Problem description: The copy must hold exactly the lines from the one with "vidaXL sengeramme med" through the end of the listing below, and nothing else, with no pictures.

Data section:
----
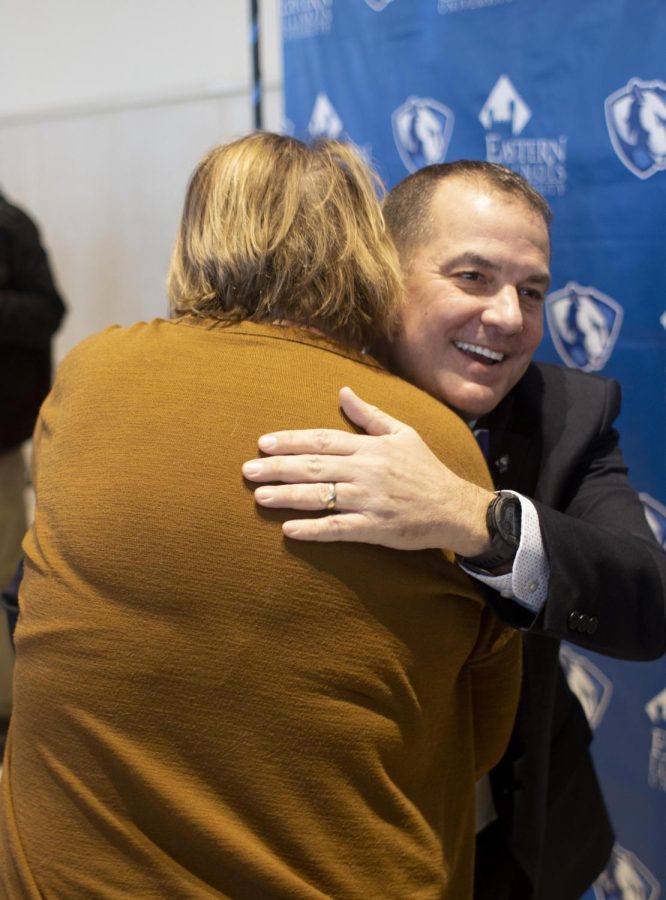 Jay Gatrell hugs people waiting in a line to congratulate him on being Eastern Illinois Universitys 13th president.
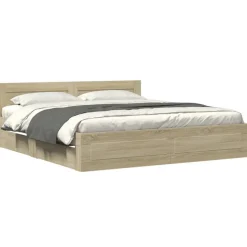 vidaXL sengeramme med sengegavl 200x200 cm konstrueret træ sonoma-eg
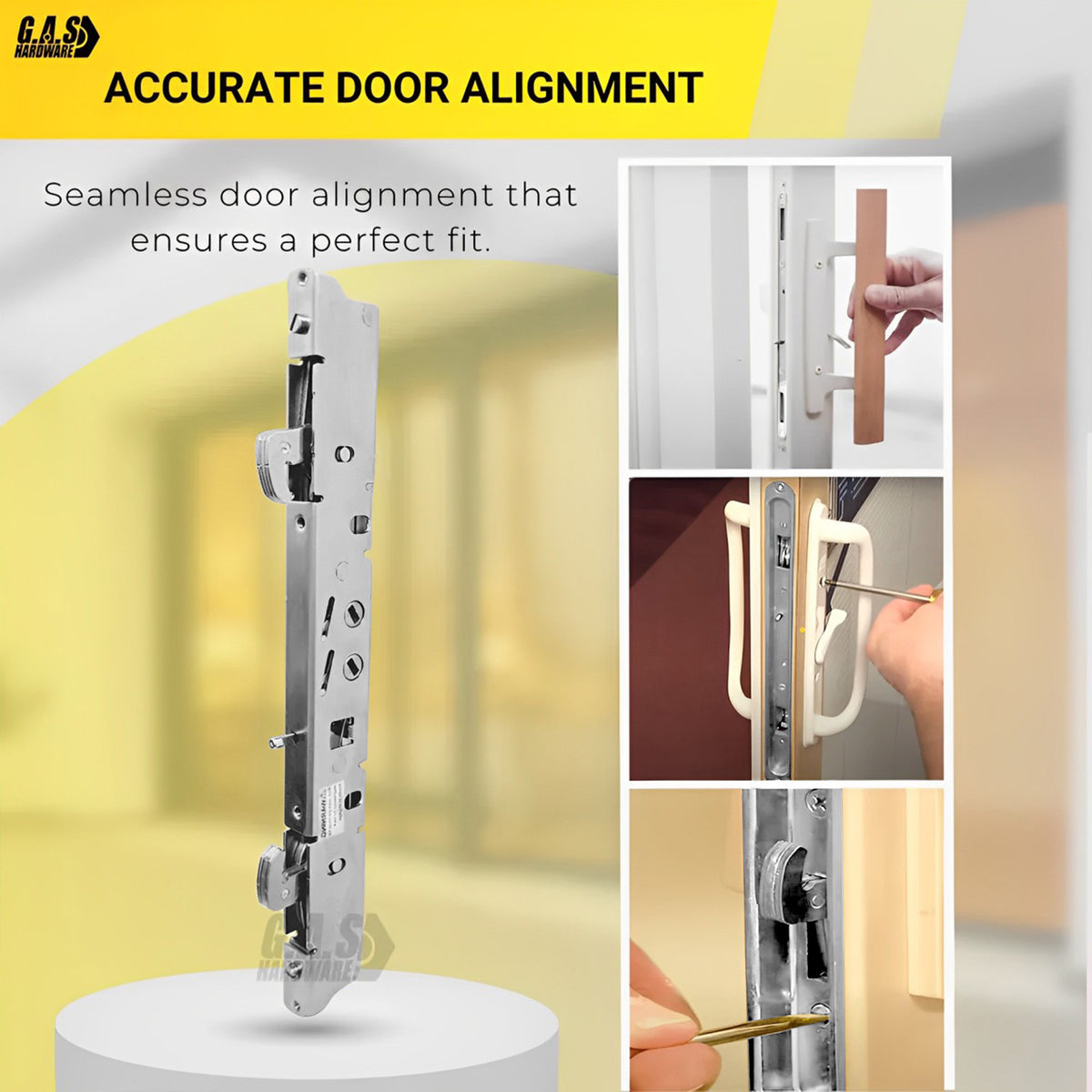 Stainless Steel Amesbury Truth Dual Point 9-15/16" Mortise Lock (No FacePlate) with Anti-Slam Pin for Sliding Patio Glass Door Locking Mechanism Replacement - Garage and Sliding Door Hardware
----
Output for this task:
 vidaXL sengeramme med sengegavl 200x200 cm konstrueret træ sonoma-eg
 Stainless Steel Amesbury Truth Dual Point 9-15/16" Mortise Lock (No FacePlate) with Anti-Slam Pin for Sliding Patio Glass Door Locking Mechanism Replacement - Garage and Sliding Door Hardware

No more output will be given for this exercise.